↓

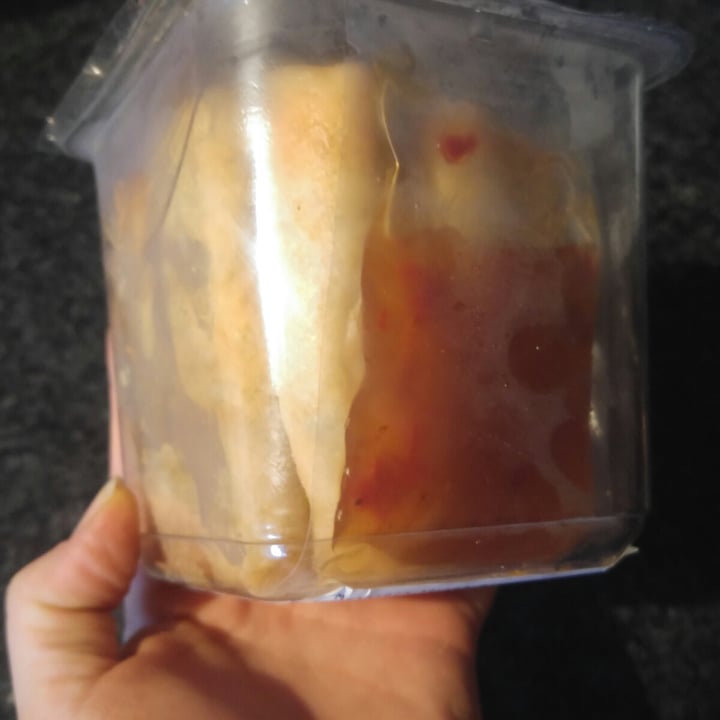 photo of Woolworths Spring Rolls (vegetable) shared by @natanya on  19 Mar 2021 - review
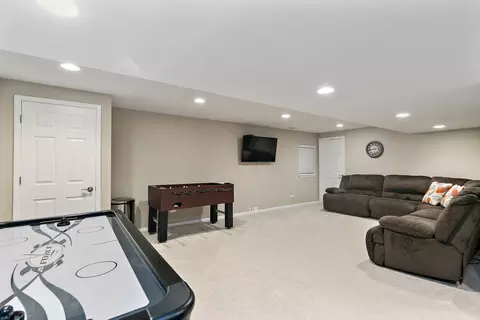 Other - 1560 Kensington Dr, Algonquin, IL 60102 photo 6 of 8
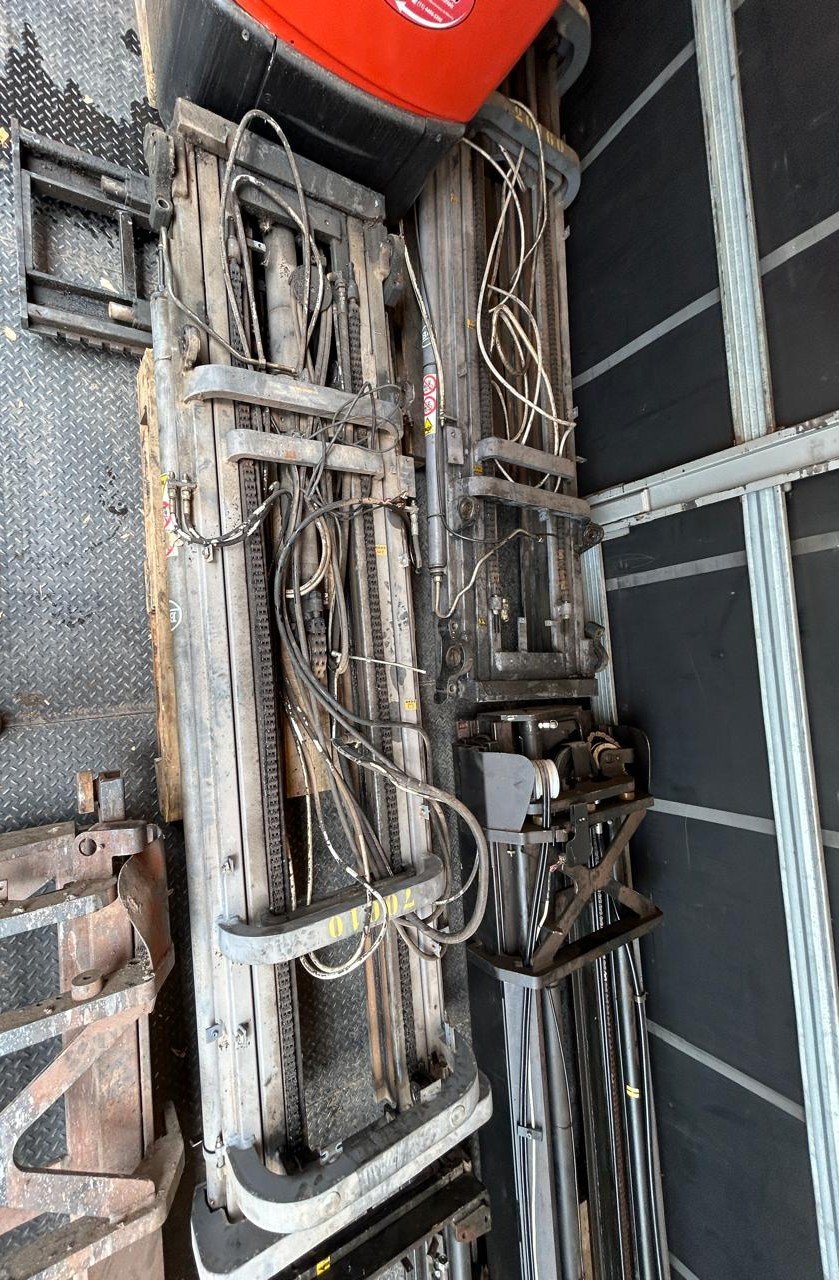 Empilhadeira Contrabalanceada - 02 Toyota / BT - CBE 3.0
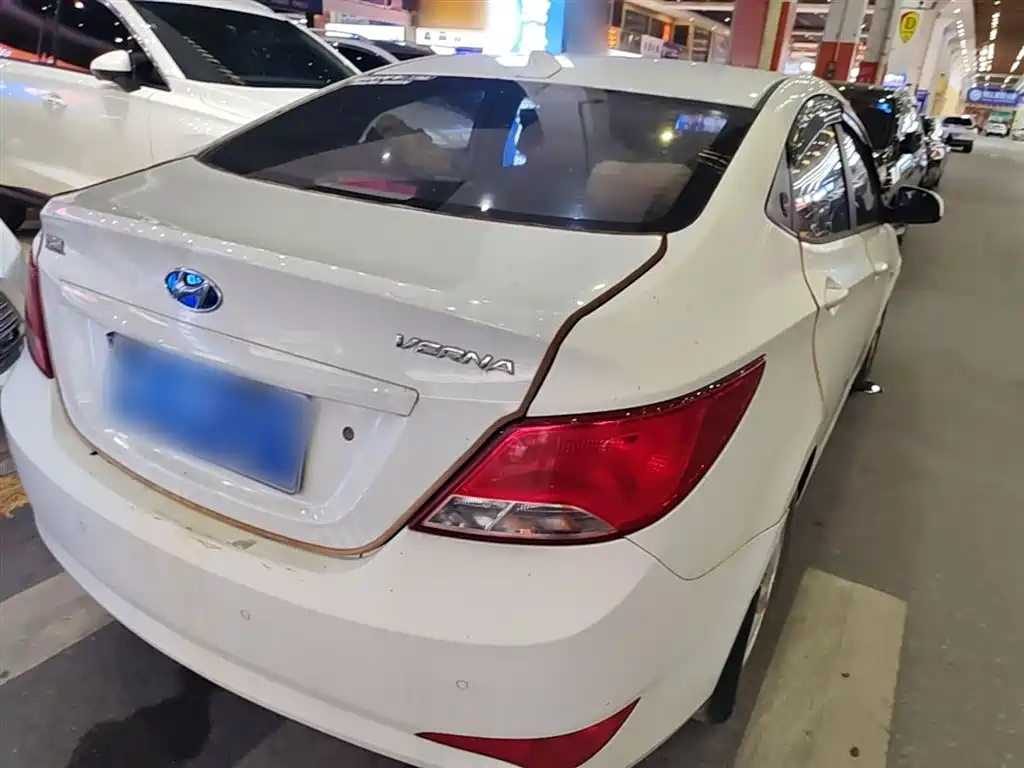 Hyundai Verna 2016 — фото 7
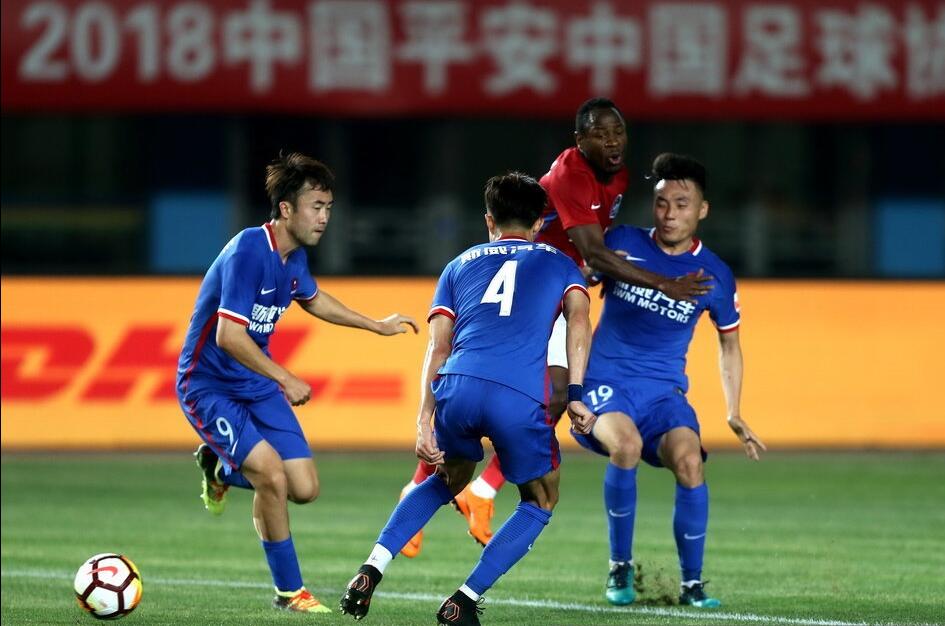 河南建业球星发挥出色，率队取胜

↑

Task brief: Copy exactly the lines that run from the line containing "Other - 1560" to the end of the data, keeping both end lines and dropping every picture.

Solution for this exercise:
 Other - 1560 Kensington Dr, Algonquin, IL 60102 photo 6 of 8
 Empilhadeira Contrabalanceada - 02 Toyota / BT - CBE 3.0
 Hyundai Verna 2016 — фото 7
 河南建业球星发挥出色，率队取胜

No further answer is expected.